Case 3: ドラッグリポジショニングの例からその薬剤の適応疾患について類似性等を比較する
更新履歴
- 2023-07-25作成
目的・背景
「Fluoxetine hydrochloride (ChEMBL: CHEMBL1201082)」フルオキセチンは、当初 “Major Depressive Disorder (MDD)”用の薬として利用されていたが、その後 ”premenstrual syndrome(PMS), Premenstrual dysphoric disorder (PMDD)”にも適用されるようになりました。なお、現在も両方の疾患の治療薬としても用いられています。この例では、TogoDX/Humanを使って、フルオキセチンについて網羅的に探索し、どうしてリポジショニングが可能だったのかを考察します。
探索条件とその意図
Select target dataset
ChEMBL compound
- Map your IDsに入れるIDのデータベースを選択
Map your IDs
- Fluoxetine hydrochloride (ChEMBL: CHEMBL1201082)」フルオキセチンをMapします
Filtering
Mapされた結果から、興味のあるカテゴリーを選択してFilteringを行います
Disease
/Phenotypic abnormality
/Abnormality of the nervous system
- フルオキセチンが関連する表現型を選択
Disease
/Disease in Mondo
/human disease
- フルオキセチンが関連する疾患名を選択
Gene
/Gene biotype
/protein coding
- フルオキセチンが関連する遺伝子を選択
Projection
protein
/Disease-related proteins
- 複数Mapされているので、比率を見るためにProjectionを利用します
結果とその考察
結果
フルオキセチンをキーとして、関連する疾患(4)、表現型(5)、遺伝子(16)、タンパク質(16)の情報が得られました。
得られたリストの解釈例
- 結果として得られた関連疾患及び表現型について
- フルオキセチンに関連する表現型はすべて「Abnormality of the nervous system」でヒットしました。このことから、フルオキセチンが神経伝達の異常に対して何かしらの作用をもたらすことが示唆されます。関連疾患として「抑うつ症状」が見られる疾患が抽出されているため、フルオキセチンが「抑うつ症状」に作用をもたらすことが推察されます。
- 結果として得られた関連遺伝子について
- 遺伝学的研究により、うつ症状と関連する可能性のある遺伝子や遺伝子変異がいくつか特定されており、これらの遺伝子は、脳内の神経伝達物質の調節や神経回路の機能に関与していることが多いです。特にセロトニン、ドーパミン、ノルアドレナリンなどの神経伝達物質に関連する遺伝子がうつ症状と関連していることが示唆されています。結果として得られた遺伝子リストの中には、SLC6A4遺伝子(セロトニントランスポーター遺伝子)、HTR1A遺伝子(セロトニン1A 受容体(または5-HT 1A受容体))等、「抑うつ症状」に深く関わると思われる遺伝子が含まれていました。

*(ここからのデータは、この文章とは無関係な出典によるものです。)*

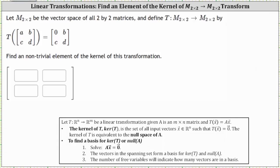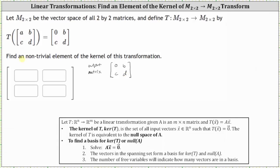Looking at the transformation, notice how under the transformation the entry A in the input matrix does map to zero in the output matrix. So taking a closer look at the output matrix, every output matrix is in the form 0BCD. In order for the output matrix to be the two by two zero matrix, B, C, and D must all equal zero.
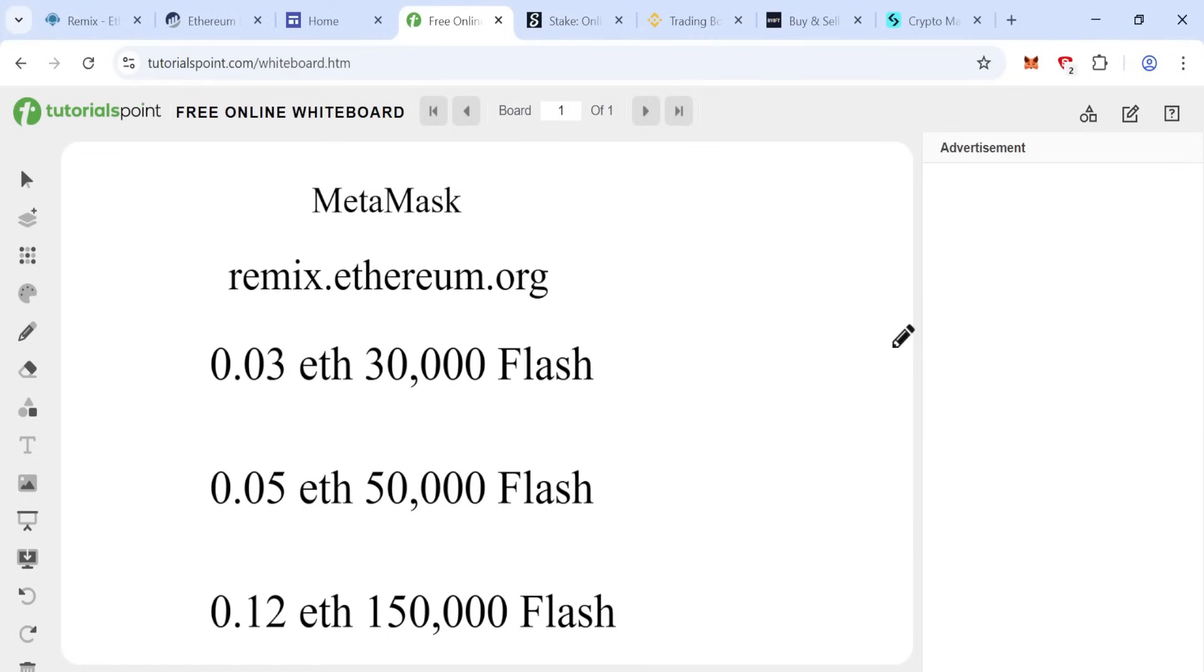Hello, welcome back to my YouTube channel. Today I will teach you how to create 30,000 flash USDT using 0.03 Ethereum.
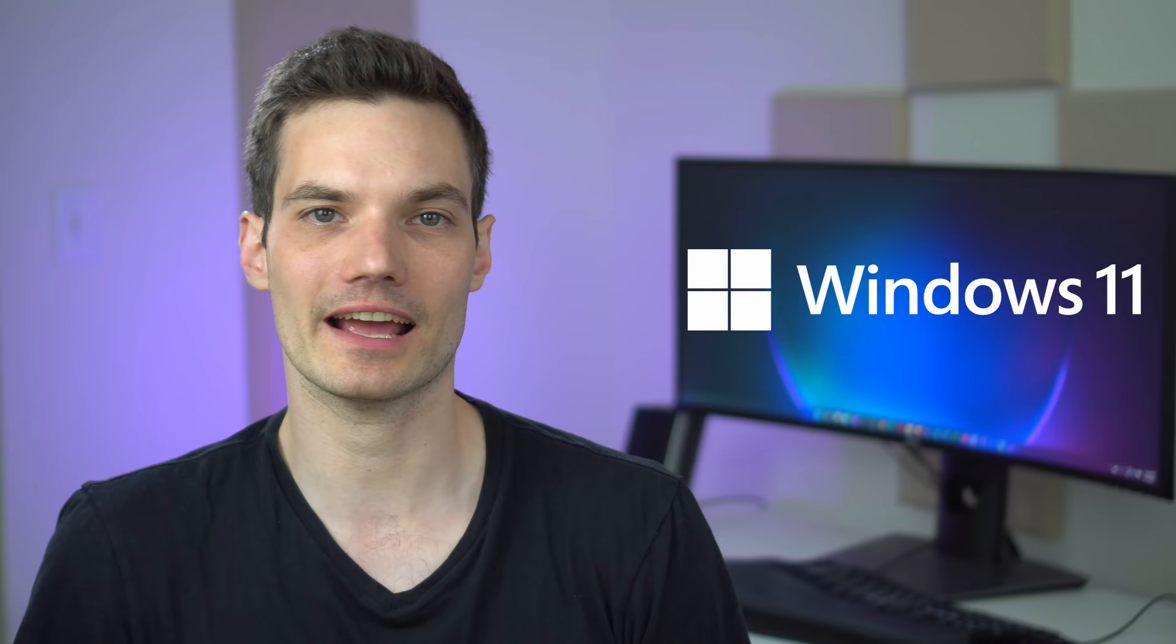Hi everyone, Kevin here. Today I want to show you five awesome features in Windows 11. Now we all know that Windows 11 has a lot of new functionality, but these features are at the top of my list. All right, let's jump on the PC and let's check these out.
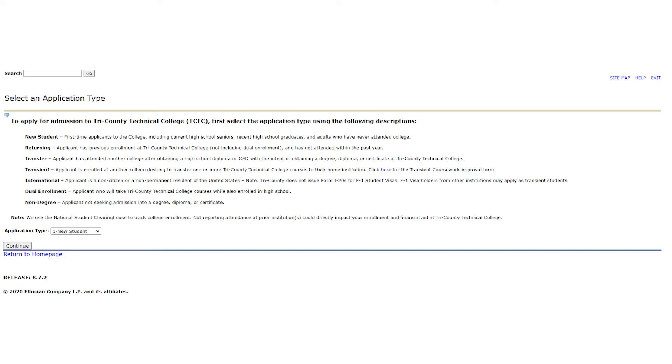Are you a graduating senior living in Anderson, Oconee, or Pickens County? If so, in the month of October you will be able to choose an AOP grad option as a student type. If you apply with us during this month, you will have your $30 application fee waived.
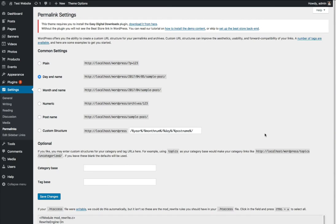If this is a fresh install of WordPress, some of these top options may be selected. I suggest picking Post Name as your permalink structure.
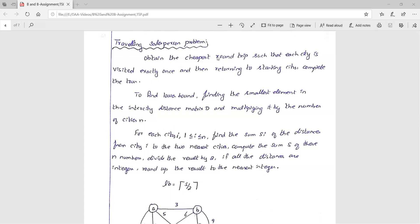We'll look at the Traveling Salesperson Problem using the Branch and Bound technique. The Traveling Salesperson Problem requires finding the cheapest round trip such that each city is visited exactly once before returning to the starting city. The Branch and Bound technique is used to solve optimization problems, and in TSP we need to find the least cost — making this a minimization problem.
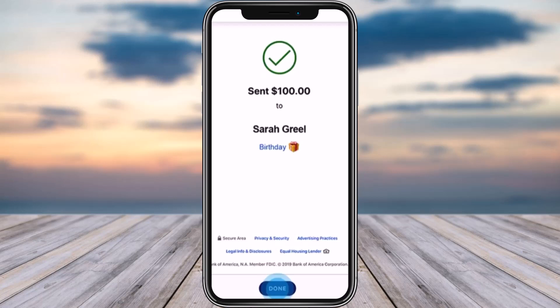Make sure that the recipient also has Zelle enabled. If you want to receive money, provide your Bank of America Zelle information to the sender so they can follow these same steps. That's it — hope this video was helpful. Thank you so much for watching, and I'll see you in the next video!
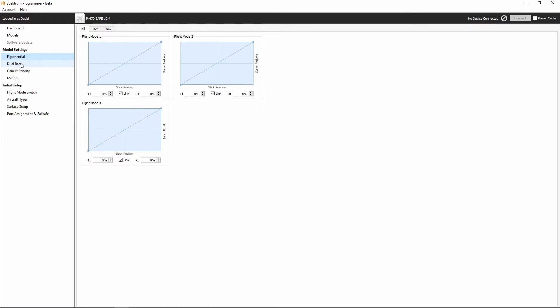just in case, you know, you want to do it there instead of in your radio. I recommend doing it in the transmitter, so we won't be messing around with exponential or dual rate very much under the model settings of the Spectrum Programmer. However, it is there.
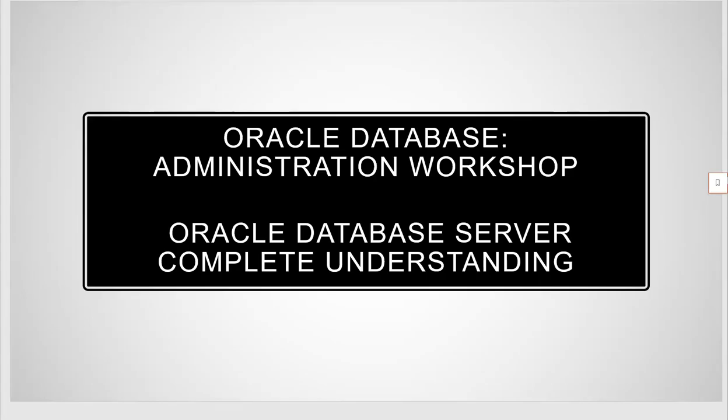Hello everyone. Welcome back to the Oracle Database Administration Workshop. Yesterday we saw a quick demonstration on the alert log, archive log mode, and how to look at the trace file, how to look into the alert log, where the alert log location is, and all those.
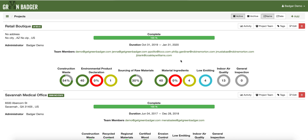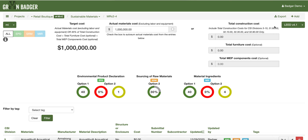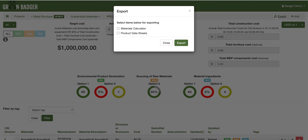You can export reports from Green Badger at any time. Simply go into the credit you need a report for and select the export button. We export everything in LEED review-ready format, so you'll get the actual calculator that is required as well as any supporting documentation.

- MDDやPMDDの論文の中で、「選択的セロトニン再取り込み阻害薬(SSRI)」の利用を推奨しており、フルオキセチンはSSRIの一つです。MDD及びPMDDの特徴的な症状の一つとして「抑うつ症状」が含まれており、抑うつ症状の発生にセロトニンが大きく関与するため、SSRIを用いる事で症状の軽減が期待できます。MDDもPMDDも精神障害であり「抑うつ症状」がその特徴の一つです。そのため、フルオキセチンは「抑うつ症状の改善」に対して、効果が見られたものと考察できます。